Q.成年後見制度を利用する利点と課題を教えてください。

【解説】

<利点> 成年後見関係の申し立ての動機は、1位が預貯金の管理・解約となっています(裁判所「成年後見関係事件の概況-平成26年1月~12月)。

本人確認が必要な預貯金口座からのお金の引き出しには、成年後見制度を使わざるを得ません。

同様に、不動産の処分等の手続きをするという申立ての動機もあります。

 最近では、相続手続上、例えば父親が亡くなり、相続人である母親が認知症というケースにおいて、遺産分割や放棄などの法的なことが一切できなくなることから、成年後見制度を使うこともあります。

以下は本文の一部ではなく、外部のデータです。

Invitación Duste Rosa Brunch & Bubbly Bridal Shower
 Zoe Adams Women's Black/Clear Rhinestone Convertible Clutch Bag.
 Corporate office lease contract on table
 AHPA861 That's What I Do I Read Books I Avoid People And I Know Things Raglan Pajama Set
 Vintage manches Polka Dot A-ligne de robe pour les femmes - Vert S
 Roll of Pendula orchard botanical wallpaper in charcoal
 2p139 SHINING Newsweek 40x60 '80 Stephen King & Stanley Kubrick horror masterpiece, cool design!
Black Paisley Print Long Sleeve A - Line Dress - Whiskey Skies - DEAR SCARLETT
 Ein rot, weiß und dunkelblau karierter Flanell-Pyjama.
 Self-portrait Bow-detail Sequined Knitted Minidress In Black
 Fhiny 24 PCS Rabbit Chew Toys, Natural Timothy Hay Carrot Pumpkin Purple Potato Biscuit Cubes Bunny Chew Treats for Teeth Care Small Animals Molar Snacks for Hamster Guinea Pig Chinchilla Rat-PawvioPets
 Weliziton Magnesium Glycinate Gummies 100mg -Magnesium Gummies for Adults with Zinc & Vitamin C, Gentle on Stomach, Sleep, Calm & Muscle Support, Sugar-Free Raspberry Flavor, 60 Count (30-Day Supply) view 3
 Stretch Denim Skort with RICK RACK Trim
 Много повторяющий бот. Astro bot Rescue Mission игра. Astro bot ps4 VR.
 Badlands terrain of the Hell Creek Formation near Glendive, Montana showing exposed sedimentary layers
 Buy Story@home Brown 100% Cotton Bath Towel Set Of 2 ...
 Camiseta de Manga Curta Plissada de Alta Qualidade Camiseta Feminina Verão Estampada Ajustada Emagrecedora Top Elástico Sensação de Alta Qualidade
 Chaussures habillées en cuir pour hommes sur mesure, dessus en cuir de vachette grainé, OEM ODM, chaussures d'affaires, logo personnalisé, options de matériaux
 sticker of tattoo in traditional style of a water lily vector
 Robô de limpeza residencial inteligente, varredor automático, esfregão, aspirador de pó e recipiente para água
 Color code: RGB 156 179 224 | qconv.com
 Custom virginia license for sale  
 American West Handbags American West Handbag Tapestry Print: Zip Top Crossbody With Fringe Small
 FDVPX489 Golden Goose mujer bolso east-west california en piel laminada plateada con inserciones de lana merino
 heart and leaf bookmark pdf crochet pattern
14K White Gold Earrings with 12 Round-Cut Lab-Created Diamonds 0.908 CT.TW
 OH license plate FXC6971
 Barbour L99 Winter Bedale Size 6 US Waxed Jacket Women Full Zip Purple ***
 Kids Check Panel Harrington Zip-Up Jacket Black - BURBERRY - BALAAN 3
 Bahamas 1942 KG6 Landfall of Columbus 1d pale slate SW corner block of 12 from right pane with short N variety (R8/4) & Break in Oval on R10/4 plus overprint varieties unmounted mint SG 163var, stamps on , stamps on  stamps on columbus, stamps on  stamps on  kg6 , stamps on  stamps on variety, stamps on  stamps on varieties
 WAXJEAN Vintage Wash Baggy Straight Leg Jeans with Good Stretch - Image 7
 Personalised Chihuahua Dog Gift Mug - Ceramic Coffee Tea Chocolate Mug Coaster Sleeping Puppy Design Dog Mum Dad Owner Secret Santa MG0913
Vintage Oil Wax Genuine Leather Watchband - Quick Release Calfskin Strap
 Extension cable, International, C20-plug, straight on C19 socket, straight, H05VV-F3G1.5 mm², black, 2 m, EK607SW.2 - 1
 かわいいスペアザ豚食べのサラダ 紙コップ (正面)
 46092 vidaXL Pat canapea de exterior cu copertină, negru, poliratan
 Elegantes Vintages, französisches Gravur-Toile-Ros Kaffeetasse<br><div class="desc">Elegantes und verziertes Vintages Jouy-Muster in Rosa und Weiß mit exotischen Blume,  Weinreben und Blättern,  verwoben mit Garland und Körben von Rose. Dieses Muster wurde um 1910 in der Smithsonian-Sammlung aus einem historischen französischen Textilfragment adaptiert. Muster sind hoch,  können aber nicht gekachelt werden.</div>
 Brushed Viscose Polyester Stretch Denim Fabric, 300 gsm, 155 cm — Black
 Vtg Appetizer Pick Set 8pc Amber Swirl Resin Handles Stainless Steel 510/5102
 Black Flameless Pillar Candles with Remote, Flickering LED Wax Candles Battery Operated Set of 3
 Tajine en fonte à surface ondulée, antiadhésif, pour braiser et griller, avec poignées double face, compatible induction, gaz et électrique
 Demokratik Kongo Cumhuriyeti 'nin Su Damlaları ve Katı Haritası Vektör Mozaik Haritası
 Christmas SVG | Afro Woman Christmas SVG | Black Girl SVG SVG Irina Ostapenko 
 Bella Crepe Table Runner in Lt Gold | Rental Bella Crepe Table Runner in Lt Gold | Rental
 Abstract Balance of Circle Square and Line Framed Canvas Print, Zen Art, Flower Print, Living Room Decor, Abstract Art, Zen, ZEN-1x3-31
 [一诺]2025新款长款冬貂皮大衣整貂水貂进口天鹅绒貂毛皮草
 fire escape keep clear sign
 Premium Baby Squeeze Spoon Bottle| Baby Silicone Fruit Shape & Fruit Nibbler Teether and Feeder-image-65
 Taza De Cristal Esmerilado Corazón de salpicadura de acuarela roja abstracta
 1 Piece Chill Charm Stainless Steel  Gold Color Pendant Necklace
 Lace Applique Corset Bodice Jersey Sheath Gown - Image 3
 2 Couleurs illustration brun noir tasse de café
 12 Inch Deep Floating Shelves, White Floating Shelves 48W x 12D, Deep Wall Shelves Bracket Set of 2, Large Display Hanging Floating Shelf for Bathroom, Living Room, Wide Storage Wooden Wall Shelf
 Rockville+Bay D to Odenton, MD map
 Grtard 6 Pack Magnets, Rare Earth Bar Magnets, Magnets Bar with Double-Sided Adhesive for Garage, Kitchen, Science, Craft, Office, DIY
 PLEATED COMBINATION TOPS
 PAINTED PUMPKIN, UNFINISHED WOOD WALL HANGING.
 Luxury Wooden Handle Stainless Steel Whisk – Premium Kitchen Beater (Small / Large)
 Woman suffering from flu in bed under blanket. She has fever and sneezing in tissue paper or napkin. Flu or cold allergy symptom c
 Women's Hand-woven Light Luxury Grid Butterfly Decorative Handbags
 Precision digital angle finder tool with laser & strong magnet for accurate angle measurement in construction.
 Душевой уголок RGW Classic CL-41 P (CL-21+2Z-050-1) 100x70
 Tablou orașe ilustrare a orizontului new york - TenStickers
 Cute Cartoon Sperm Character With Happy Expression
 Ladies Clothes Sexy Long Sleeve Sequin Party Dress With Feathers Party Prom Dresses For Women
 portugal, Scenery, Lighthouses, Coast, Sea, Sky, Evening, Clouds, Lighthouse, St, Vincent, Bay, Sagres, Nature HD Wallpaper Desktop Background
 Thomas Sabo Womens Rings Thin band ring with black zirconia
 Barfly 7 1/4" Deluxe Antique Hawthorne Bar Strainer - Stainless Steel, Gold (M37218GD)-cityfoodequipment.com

<課題>成年後見制度を利用する人の数は、平成26年12月現在、18万5000人前後と言われています。認知症及びその予備軍は全国で860万人以上とされている実態から比べれば、この数字は少ないといえます。

利用する人が少ない理由として、後述の手続きや管理の問題と合わせ、そもそも成年後見制度を使う必要がないということが挙げられます。

支えるべき家族が近くにいれば、預貯金等の財産管理や不動産、賃貸物件の管理、さらには入院入所手続きなども含めて、家族としてある程度現実的な対応は可能ですので、必ずしも成年後見制度の利用が必要とはいえません。

 そしてもう1つは、成年後見制度を利用する際の負担が大きく、できれば使いたくないという人が多いことが挙げられます。成年後見制度を使うと、後見人は年1回、裁判所へ財産の状況や1年間の収支、財産目録等を作成し報告する義務があります。

また、成年後見制度を使ってしまうと、出来ることが限られてしまいます。

例えば、親元に年に一度家族が集まるような場面で、例年どおり親が全員の食事代を払っていたものが、その制度を利用すると会食代は割り勘で参加者の個人負担となります。

成年後見制度は、「対象者の財産を減損させない」ことが目的ですので、「家族や本人の想い、希望」に必ずしも答えられる制度ではないことが、制度利用を躊躇させる理由ともいえます。